It's well known that, given an oracle for a function $f$ from a very large set $S$ (of order $N \gg 1$) to $\{0, 1\}$, Grover's algorithm can find an element of $S$ that maps to 1 with $\sim \sqrt{N}$ oracle queries, whereas the best classical oracle search algorithm requires $\sim N$ queries.

From this, it's often claimed that a quantum computing running Grover's algorithm could give useful speedups for many practical computational problems (since many such problems, e.g. numerical optimization, can be framed in this form).

But Grover's algorithm is a "black-box" algorithm that treats the oracle as the only method of getting any information at all about the solution to your problem. It completely ignores any possible correlations between the oracle's responses for different inputs, or any other "structure" behind the computation to be solved. Grover's algorithm therefore gives a square-root speedup over completely naive, brute-force search of every possible solution.

But it seems to me that (loosely speaking), most "interesting" or "practical" computational problems have enough structure that complete brute-force guessing is rarely the best classical approach. As a simple example, for numerically optimizing some complicated but differentiable function, gradient descent (plus some means of escaping from local minima) is typically vastly more efficient than random sampling.

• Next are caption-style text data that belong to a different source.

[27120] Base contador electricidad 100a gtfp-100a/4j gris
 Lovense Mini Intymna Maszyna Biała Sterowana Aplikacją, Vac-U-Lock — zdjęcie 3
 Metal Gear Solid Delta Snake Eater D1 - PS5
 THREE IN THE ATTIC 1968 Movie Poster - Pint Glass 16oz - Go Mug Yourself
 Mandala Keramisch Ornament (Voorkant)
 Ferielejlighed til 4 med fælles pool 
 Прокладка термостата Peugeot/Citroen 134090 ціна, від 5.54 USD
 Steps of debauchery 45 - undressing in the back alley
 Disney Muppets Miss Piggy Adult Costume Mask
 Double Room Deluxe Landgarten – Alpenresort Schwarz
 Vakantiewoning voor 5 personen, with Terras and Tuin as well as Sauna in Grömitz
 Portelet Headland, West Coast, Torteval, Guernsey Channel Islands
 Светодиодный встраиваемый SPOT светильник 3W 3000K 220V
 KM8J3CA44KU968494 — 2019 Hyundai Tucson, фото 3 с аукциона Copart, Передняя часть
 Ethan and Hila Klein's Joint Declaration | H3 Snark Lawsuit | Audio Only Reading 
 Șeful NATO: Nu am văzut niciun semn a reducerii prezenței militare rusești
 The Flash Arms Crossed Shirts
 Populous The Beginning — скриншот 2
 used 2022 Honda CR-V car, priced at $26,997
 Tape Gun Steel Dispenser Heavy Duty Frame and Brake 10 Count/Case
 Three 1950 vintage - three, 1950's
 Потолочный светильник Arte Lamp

Now an exponential (classical) speedup over brute-force guessing is too much to hope for in general: if $\mathrm{P} \neq \mathrm{NP}$ (which is presumably the case), then there exist problems in NP that do not admit exponential (classical) improvements over brute-force guessing that work even in the worst case. But even NP-complete problems often admit heuristic algorithms that allow for efficient solutions "in practice", e.g. they work for most problem instances. Even when this is not the case, my intuition is that most "practical" problems admit classical algorithms that provide an algebraic speedup over brute-force guessing that is better than square-root, at least for many problem instances. So my intuition is that for most "practical" problems, there's usually a heuristic classical algorithm that's more efficient than using Grover's algorithm for a square-root speedup over brute-force search.1

Is my intuition correct? Are they many practical problems for which the best known classical algorithms deliver less than a square-root speedup over brute force guessing "in practice"? (I guess the somewhat sharper version of "in practice" means "in the average case", but I'm also interested in less formal interpretations of "in practice" as well.) More bluntly, would a quantum computing running Grover's algorithm actually be that useful for many practical computational problems?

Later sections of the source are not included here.